The names of the 7 days of the week in most Latin-based languages come from the Roman calendar, which related each day with 7 celestial bodies considered to be gods: the Sun, the Moon, Mercury, Venus, Mars, Jupiter, and Saturn.

The English language has retained the planet names for Saturday, Sunday, and Monday. However, the names for the other days of the week have been replaced by their equivalent Norse or Germanic gods.

Some Asiatic languages such as Hindi, Japanese, and Korean have a similar relationship between the weekdays and the planets.

The 7-day-week provides a clear method of representing dates and times to avoid misinterpretation between people from different countries with varying traditions for writing numeric dates and times.

Why Seven Days?

There are many different opinions as to how the 7-day week originated. The most common explanation points to Babylonian astrologers who assigned planet gods to the days of the week around 700 BCE.

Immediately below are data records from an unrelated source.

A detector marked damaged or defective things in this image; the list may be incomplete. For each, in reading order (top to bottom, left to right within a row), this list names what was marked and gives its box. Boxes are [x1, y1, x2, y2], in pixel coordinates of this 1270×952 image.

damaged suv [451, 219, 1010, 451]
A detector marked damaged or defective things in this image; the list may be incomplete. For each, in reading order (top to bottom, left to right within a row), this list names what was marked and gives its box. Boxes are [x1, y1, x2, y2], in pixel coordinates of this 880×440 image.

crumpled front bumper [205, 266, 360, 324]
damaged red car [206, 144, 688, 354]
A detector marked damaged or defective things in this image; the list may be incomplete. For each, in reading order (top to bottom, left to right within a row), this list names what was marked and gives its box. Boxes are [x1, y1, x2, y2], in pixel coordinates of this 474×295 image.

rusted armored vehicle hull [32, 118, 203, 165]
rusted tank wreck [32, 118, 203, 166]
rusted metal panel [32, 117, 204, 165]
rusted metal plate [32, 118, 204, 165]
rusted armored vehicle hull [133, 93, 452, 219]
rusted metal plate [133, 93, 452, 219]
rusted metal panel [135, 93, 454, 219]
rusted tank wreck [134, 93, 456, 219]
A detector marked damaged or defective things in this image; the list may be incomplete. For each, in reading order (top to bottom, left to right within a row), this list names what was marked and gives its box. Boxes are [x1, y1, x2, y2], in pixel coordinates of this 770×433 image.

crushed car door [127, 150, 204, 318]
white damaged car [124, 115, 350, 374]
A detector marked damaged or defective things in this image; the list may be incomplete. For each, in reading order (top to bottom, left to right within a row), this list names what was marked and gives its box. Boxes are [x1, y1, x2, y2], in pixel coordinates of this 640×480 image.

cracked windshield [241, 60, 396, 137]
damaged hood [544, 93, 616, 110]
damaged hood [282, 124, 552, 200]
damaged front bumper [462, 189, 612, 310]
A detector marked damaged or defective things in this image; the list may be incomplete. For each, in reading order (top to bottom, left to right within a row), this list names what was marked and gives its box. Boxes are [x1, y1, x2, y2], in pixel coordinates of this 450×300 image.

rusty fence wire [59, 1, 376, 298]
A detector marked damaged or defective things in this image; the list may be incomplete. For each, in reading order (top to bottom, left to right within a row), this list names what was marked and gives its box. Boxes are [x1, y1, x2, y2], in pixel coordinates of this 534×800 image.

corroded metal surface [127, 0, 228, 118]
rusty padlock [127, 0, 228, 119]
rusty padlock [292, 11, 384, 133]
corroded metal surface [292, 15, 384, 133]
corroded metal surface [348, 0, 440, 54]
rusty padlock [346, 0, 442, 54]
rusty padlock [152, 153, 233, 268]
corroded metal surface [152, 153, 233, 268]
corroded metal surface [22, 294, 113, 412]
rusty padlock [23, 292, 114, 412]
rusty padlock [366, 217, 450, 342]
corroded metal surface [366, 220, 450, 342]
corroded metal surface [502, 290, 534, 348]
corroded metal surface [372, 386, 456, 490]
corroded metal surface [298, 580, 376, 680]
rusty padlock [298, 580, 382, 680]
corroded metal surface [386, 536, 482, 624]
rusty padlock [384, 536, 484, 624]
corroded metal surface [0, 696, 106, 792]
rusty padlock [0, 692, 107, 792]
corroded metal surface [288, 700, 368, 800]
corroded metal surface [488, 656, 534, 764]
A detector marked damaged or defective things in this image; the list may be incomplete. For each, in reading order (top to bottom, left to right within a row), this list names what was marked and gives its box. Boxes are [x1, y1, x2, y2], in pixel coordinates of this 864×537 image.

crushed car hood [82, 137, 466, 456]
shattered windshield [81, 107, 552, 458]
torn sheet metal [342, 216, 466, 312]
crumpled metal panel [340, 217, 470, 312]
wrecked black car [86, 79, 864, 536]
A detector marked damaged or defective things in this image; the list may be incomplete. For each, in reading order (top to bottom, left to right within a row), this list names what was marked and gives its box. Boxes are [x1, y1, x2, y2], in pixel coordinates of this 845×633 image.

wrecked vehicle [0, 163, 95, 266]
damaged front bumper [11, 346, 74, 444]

The Romans later replaced these names with their planet gods in the ancient Roman calendar and Germanic and Norse people later did the same with some of their gods.

When Is the Weekend?

As the first day of the week varies in different cultures, so does the weekend. The Christian or Western world marks Sunday as their day of rest and worship, while Muslims refer to Friday as their day of rest and prayer. The Jewish calendar counts Saturday—the Sabbath—as the day of rest and worship.

Both Saturdays and Sundays are common days of rest in the calendar. Calendars in some countries use a separate color for the weekends and reserve the black or gray fonts for the weekdays, Monday through Friday.

52 Weeks & 1 Day

A common year roughly adds up to 52 weeks of 7 days each plus 1 day—or 2 days, if it's a leap year. However, countries vary on exactly how they present and number the weeks in their calendars.

Some Years Have 53 Weeks

The weeks of the year in the Gregorian calendar are numbered from week 1 to week 52 or 53. If a year, and week 1, starts on a Thursday, then the weeks are shifted so that there are 53 weeks in that year.

These week numbers are commonly used in some European and Asian countries; but not so much in the United States.